If you want to give it a try, the cheapest way of measuring the sort of temperatures needed is with a type K thermocouple and a handheld readout.
The cheapest readout I know works well is the TM902C, for 5 or 6 bucks delivered from China and easily found on ebay. It reads in degC, so you'll need to convert if you think in degF, but the price is good.
The thermocouple itself is likely to be much more expensive than the readout. I buy mine locally (I'm in the UK), but something like a KHXL-14G-RSC-18 from Omega is good for forges. It's long enough and rigid enough to be able to poke it into the forge in the position you want, has a fast response due to the grounded junction and the sheath will withstand temperatures up into the welding range for Carbon steels. It will actually tolerate fairly short periods at up to 1368 degC/2495 degF, which is where type K maxes out.
http://www.omega.com/pptst/KHXL_NHXL.html
It works OK in a forge or muffle, because the idea behind the forge/muffle is to have a chamber at an even temperature throughout, so the thermocouple will be at the same temperature as the workpiece.
If you are using a torch, which gives localized heating, it is difficult to ensure the thermocouple has good enough contact to be accurately measuring the temperature of the steel.
However, if you heat the thermocouple and blade together and use your eye to ensure that the thermocouple is the same color as the blade, you'll get a pretty good measurement.
Color is hard to describe and is perceived differently by different people, but is actually a very good way of measuring temperature. Back in the day, there were instruments for measuring temperature that used an electrically-heated wire. The operator viewed the wire against the object being measured and adjusted the temperature of the wire. When it "disappeared" into the background, it was the same temperature as the background and the temperature of the wire could be read off the instrument.
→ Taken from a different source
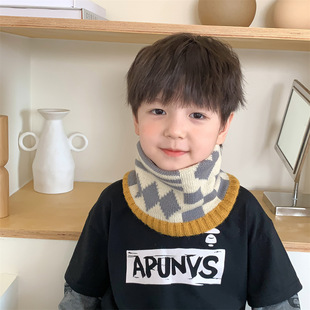 2025 Plaid Children's Scarf Autumn and Winter Korean Style Knitted Baby Neck Warmer New Cute Neck Cover for Boys and Girls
Infra-Red thermometers can work well, but tend to be expensive once you want to measure high temperatures. They are also very sensitive to the emissivity of the object being measure. This is usually an unknown quantity until the true temperature of the object to be measured is known by some other method and the emissivity value in the IR instrument adjusted to get the IR temperature reading to show the true value.